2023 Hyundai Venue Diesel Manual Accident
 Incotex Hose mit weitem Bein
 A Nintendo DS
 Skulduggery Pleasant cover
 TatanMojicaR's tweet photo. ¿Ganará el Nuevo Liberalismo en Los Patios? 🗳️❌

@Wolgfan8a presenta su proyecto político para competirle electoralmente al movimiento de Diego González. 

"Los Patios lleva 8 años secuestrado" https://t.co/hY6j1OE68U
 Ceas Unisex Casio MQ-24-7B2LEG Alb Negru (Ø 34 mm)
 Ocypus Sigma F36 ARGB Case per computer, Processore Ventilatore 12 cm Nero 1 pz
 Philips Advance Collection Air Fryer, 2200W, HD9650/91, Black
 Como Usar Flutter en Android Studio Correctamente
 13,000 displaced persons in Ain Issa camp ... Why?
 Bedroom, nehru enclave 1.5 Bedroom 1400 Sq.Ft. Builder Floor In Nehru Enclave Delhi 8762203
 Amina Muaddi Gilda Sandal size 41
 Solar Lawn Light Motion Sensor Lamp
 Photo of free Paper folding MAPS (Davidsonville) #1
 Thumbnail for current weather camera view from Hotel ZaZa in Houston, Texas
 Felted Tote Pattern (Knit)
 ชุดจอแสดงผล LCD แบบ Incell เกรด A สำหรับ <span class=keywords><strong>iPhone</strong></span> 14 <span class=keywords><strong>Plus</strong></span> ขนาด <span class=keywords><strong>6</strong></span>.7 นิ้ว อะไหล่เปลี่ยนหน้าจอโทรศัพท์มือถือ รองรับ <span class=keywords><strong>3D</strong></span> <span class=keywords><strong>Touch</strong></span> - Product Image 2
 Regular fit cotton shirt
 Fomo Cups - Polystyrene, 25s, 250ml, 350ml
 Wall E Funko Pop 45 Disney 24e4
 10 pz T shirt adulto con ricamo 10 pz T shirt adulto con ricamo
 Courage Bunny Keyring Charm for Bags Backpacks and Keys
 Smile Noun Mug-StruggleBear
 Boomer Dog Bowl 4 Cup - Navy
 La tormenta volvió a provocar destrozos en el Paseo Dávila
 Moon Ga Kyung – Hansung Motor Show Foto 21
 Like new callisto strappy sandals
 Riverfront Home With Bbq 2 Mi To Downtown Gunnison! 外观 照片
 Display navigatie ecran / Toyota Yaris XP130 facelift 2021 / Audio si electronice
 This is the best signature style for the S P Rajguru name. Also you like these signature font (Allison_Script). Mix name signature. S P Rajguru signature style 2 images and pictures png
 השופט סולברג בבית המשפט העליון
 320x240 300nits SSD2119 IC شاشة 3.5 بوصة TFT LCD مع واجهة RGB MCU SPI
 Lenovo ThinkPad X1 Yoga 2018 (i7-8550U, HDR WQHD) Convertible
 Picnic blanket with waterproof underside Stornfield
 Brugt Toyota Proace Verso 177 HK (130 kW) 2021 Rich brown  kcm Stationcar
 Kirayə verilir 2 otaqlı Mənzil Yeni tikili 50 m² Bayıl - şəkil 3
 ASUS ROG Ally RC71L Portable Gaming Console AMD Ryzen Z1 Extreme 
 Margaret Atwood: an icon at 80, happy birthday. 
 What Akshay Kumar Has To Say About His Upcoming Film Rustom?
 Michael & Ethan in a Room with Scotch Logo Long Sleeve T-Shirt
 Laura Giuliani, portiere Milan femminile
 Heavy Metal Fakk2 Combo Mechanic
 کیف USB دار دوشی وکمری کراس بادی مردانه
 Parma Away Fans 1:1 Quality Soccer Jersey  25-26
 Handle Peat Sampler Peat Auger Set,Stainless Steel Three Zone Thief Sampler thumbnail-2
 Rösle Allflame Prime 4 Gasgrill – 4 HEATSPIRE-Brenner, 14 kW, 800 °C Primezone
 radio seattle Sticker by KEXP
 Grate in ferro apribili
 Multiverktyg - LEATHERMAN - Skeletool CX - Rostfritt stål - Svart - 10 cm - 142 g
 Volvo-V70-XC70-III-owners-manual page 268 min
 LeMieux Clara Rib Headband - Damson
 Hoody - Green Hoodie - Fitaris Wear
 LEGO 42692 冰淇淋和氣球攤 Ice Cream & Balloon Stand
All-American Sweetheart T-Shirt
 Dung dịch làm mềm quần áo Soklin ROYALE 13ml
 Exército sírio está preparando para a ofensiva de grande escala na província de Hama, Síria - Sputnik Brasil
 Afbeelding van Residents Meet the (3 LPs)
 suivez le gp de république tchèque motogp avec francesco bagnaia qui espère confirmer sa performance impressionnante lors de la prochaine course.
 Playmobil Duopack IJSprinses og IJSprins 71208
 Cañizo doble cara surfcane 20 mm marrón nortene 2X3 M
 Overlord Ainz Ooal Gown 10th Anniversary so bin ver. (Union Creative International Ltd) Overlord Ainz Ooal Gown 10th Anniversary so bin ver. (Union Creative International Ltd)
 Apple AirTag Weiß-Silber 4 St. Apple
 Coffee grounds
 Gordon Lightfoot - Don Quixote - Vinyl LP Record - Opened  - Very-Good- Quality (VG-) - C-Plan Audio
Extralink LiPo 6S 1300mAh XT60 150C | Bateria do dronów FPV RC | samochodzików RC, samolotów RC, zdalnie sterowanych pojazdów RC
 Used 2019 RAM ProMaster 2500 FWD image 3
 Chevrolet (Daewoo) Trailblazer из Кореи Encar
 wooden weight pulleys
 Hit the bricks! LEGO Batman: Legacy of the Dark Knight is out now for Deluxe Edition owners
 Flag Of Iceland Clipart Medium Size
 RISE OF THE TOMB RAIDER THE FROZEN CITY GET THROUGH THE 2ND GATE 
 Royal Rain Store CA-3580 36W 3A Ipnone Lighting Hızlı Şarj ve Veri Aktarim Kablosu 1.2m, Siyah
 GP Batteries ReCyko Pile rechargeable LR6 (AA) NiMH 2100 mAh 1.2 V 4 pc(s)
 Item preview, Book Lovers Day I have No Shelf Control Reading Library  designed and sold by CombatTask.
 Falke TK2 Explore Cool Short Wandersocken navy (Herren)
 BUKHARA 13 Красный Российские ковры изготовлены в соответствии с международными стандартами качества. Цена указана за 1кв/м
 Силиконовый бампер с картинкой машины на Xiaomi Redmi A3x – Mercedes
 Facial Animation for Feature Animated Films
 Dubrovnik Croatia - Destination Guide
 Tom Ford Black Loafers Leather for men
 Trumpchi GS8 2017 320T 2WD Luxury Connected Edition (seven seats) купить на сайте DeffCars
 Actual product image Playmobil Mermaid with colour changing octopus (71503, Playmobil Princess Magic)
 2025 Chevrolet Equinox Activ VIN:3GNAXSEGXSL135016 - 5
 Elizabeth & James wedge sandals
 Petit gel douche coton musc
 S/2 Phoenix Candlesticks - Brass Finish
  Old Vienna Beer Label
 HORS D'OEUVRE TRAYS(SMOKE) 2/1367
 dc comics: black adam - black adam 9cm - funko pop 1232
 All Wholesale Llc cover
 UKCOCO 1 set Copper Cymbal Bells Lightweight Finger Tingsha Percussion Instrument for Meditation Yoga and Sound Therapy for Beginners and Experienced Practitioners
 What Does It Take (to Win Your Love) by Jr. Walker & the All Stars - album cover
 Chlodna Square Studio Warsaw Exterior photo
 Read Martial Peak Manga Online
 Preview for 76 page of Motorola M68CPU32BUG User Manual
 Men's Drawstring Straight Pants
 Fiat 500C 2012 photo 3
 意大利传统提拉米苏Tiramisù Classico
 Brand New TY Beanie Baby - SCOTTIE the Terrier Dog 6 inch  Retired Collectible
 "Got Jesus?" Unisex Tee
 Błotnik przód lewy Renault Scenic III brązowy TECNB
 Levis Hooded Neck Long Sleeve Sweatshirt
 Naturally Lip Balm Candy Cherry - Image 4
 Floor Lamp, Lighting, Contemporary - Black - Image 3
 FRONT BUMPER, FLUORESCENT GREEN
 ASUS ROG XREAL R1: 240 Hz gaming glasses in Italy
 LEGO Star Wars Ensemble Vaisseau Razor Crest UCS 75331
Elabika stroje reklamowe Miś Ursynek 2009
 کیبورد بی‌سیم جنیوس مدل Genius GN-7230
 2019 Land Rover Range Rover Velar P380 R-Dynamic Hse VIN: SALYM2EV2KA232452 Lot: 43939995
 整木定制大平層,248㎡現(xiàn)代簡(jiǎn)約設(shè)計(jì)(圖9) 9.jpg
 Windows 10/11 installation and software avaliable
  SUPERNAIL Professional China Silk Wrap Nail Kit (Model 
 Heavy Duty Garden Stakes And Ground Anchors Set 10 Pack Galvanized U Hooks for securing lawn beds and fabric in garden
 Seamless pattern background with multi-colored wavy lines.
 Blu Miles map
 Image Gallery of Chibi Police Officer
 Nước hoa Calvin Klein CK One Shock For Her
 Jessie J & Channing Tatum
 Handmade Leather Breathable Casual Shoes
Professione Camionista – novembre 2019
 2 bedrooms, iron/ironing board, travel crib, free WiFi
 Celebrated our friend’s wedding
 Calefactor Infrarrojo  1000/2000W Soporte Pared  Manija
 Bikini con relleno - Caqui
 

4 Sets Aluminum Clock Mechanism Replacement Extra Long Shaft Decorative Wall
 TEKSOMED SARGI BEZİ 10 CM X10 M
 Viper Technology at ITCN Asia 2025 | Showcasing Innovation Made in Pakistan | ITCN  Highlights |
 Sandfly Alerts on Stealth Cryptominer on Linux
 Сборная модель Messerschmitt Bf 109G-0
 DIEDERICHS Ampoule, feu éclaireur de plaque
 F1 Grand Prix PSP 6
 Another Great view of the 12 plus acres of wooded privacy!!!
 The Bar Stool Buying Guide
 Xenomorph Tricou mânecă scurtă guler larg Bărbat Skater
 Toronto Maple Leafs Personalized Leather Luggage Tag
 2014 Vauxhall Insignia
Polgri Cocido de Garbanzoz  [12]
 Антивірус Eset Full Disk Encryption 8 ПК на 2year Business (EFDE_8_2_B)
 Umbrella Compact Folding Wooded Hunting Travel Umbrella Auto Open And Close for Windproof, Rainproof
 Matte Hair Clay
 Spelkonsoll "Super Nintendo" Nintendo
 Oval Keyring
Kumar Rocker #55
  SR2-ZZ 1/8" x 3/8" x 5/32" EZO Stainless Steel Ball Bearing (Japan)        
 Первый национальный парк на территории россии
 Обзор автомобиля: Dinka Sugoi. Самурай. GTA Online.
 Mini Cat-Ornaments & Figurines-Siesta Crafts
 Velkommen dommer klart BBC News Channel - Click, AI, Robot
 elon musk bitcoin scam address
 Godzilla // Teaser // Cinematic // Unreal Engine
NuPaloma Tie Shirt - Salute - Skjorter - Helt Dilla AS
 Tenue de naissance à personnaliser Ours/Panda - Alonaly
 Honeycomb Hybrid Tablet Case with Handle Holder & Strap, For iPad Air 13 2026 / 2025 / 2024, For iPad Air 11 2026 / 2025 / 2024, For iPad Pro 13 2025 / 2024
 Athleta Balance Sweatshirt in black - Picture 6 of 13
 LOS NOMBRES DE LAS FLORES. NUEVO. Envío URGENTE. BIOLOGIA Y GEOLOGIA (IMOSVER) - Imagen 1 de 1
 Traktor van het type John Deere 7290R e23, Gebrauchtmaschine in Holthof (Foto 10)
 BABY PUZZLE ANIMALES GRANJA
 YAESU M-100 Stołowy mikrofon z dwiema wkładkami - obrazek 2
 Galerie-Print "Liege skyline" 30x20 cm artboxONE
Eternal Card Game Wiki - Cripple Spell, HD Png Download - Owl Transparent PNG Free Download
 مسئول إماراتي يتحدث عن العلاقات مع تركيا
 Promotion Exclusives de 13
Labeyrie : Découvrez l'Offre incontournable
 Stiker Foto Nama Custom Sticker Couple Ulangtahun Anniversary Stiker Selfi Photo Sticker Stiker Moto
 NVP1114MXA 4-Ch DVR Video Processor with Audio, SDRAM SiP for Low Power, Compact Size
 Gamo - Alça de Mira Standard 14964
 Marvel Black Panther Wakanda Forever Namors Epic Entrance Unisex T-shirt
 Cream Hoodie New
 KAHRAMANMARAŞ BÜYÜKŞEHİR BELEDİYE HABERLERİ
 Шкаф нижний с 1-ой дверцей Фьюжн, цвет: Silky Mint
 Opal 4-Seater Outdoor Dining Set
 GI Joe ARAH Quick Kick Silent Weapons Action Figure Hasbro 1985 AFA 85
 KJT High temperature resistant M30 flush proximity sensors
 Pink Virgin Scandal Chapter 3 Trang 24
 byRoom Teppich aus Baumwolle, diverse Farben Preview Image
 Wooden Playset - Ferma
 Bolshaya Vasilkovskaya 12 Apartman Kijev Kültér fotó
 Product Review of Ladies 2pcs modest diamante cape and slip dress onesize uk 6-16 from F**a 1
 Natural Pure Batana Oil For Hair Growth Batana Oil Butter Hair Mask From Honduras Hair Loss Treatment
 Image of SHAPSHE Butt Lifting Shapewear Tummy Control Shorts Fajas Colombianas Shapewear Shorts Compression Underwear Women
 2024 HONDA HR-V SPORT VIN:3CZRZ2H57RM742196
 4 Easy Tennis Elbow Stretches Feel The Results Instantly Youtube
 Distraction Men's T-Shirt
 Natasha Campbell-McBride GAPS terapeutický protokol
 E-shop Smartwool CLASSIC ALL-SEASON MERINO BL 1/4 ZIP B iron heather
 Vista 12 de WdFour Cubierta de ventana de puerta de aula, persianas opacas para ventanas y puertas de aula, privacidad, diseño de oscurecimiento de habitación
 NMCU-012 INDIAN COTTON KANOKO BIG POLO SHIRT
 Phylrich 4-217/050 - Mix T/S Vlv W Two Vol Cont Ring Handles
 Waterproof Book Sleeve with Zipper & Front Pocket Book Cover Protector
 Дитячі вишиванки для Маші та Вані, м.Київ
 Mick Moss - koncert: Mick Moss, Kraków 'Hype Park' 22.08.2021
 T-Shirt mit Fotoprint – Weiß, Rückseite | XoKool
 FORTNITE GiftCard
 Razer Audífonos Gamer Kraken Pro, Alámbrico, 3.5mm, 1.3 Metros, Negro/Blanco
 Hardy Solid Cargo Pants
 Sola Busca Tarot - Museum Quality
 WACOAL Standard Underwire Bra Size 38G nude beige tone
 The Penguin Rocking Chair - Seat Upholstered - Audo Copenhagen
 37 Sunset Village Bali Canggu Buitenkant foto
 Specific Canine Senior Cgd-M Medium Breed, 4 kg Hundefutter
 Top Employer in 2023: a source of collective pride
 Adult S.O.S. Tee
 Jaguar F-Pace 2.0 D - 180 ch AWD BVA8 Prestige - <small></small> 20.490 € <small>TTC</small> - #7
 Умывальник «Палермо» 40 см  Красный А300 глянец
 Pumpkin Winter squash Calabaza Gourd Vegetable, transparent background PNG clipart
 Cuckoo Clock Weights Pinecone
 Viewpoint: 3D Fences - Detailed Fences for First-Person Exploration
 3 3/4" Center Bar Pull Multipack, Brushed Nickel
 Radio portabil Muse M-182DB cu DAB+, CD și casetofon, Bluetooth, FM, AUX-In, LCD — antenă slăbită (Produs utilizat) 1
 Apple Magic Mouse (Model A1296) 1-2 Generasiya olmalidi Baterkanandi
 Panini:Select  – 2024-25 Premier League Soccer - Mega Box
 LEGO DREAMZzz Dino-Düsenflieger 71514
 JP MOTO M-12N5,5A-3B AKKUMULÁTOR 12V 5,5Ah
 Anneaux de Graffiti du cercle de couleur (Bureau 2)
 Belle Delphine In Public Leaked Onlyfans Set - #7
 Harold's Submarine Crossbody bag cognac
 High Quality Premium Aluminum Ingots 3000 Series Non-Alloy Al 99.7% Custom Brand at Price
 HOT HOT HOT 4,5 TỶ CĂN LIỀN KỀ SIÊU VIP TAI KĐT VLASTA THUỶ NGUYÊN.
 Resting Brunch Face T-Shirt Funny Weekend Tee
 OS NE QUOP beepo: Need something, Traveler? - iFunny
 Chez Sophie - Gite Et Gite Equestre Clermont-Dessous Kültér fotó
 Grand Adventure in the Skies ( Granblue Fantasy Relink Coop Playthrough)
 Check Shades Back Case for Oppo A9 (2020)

-*-

YOUR GOAL –
In the entries above, find the line with "BABY PUZZLE ANIMALES GRANJA" and the line with "Labeyrie : Découvrez l'Offre incontournable", then set down exactly those two and every line between them, nothing else.

RESPONSE –
 BABY PUZZLE ANIMALES GRANJA
 YAESU M-100 Stołowy mikrofon z dwiema wkładkami - obrazek 2
 Galerie-Print "Liege skyline" 30x20 cm artboxONE
Eternal Card Game Wiki - Cripple Spell, HD Png Download - Owl Transparent PNG Free Download
 مسئول إماراتي يتحدث عن العلاقات مع تركيا
 Promotion Exclusives de 13
Labeyrie : Découvrez l'Offre incontournable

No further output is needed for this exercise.